At present there is much debate on the changes within this category of insurance regarding the implementation of a limit, where previously Insurers were providing an unlimited indemnity.
The main reason for capping the Employers Liability limit of indemnity is that it is becoming less practical for the provision of an unlimited cover because of changes in employment practises in many industries and the unprofitability of Employers Liability insurance for many years.
A figure of £10,000,000 for any one occurrence to include any legal/defence costs has been mentioned, and for most companies this is likely to be sufficient. However, larger employers who feel that they need a higher limit will be looking to purchase extra cover from the market, either from the Insurer providing the basic cover or from another Insurer prepared to top up the basic cover.
With the introduction of a financial limit, groups of companies will need to consider their Employers Liability arrangements carefully, taking into account which company or companies actually employ the workers and whether the basic cover is adequate for their circumstances.
With sub-contracting becoming more common, Insurers have not found it easy to know just who they are covering and where. This can mean that, when a claim arises, they find they are covering many more people in one location than they would have wished.
The introduction of a financial limit to Employers Liability policies, like most other insurances, will help Insurers keep the cover they provide within the boundaries of their financial capacity. Businesses will need to consider carefully the amount of cover they need.
You are not allowed to trade without Employers Liability
Insurance. This is required by the 1969 Employers Liability
(Compulsory Insurance) Act. You have to display a Certificate
of Insurance at your place of business. Premium rates depend
on the same factors as with Public Liability.

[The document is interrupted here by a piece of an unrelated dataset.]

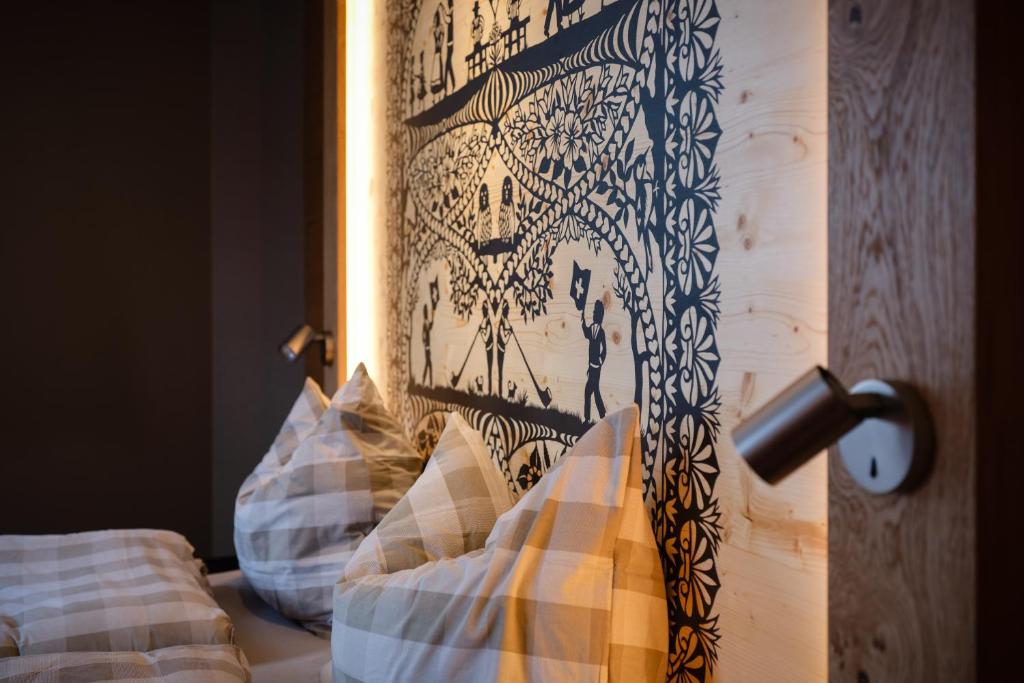 łóżko z czarno-białym zagłówkiem i poduszkami w obiekcie Panorama Hotel & Restaurant w mieście Bettmeralp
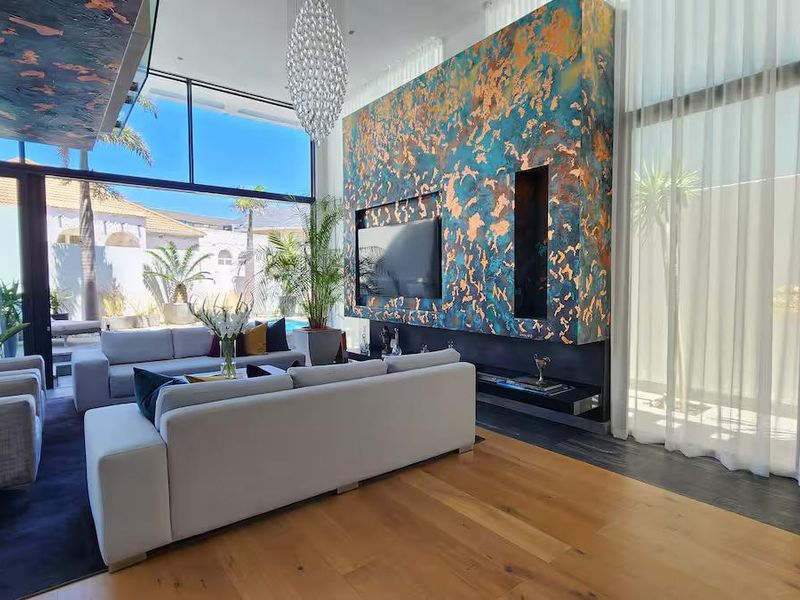 Spacious living room featuring high ceilings, hardwood flooring, floor-to-ceiling windows, and a striking decorative feature wall with a built-in fireplace.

3. Motor Insurance. Company cars, vans, lorries and licensed plant are required by the Road Traffic Acts to be insured for third party liability both for injury and damage. This is understood by most contractors but remember you must have a valid cover note or certificate of insurance.
1. Personal Accident (Working Principals, Partners & Directors). In many businesses the success of the whole venture is heavily dependent upon working principals. In their absence turnover and therefore income will be reduced. Insurance can cover the permanent loss of a key man, permanent disability, the loss of an eye or use of a limb. Temporary disability insurance will provide the payment of a weekly benefit to enable suitable short-term replacement to be obtained. Cover is 24 hours per day for both business and leisure accidents.

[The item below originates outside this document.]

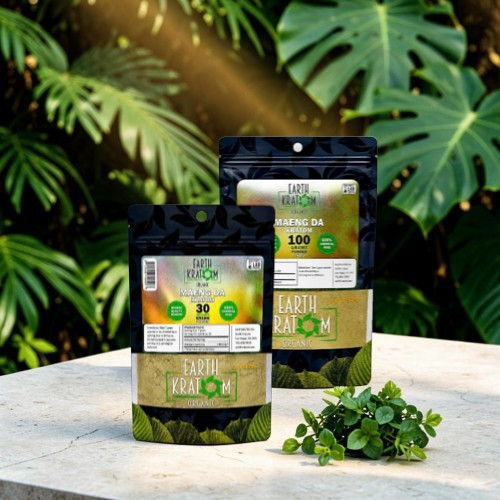 Two packets of herbal supplements on a stone table surrounded by green plants.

2. Contractors All Risks. Contract works, site huts, unfixed materials, tools and equipment are all subject to fire, theft or damage both on and off site. Damage to the contract works can mean carrying out the work for a second time for only one payment - unless you have arranged a Contractors All Risks policy. Valuable plant will have to be replaced from the contractors own resources if stolen - unless he has arranged a Contractors All Risks policy. Premiums depend on turnover, type of work and previous claims record.
3. Plant, Machinery, Tools & Equipment All Risks. This policy covers the contractors plant, from heavy equipment to hand tools. There are various ways of arranging the cover from engineering policies, motor policies and all risks policies or inclusion in Contractors All Risks Policies (see 2 above). Valuable equipment is by definition costly to replace. Why not pay a small percentage of that value and transfer the risks to your insurers? This applies equally to hired plant for which the contractor is liable from the date of hire.
4. Statutory Inspection Contracts. The Health and Safety at Work Acts require the periodic inspection by a competent person of all:-
- pressure plant
- lifting equipment
Each has to be checked that they are working to their safe working pressure or lifting weight to ensure safety of employees and the public from either explosions or loads dropping on them. All compressors, hoists, fork lift trucks and the like must have inspection certificates before they are brought into use.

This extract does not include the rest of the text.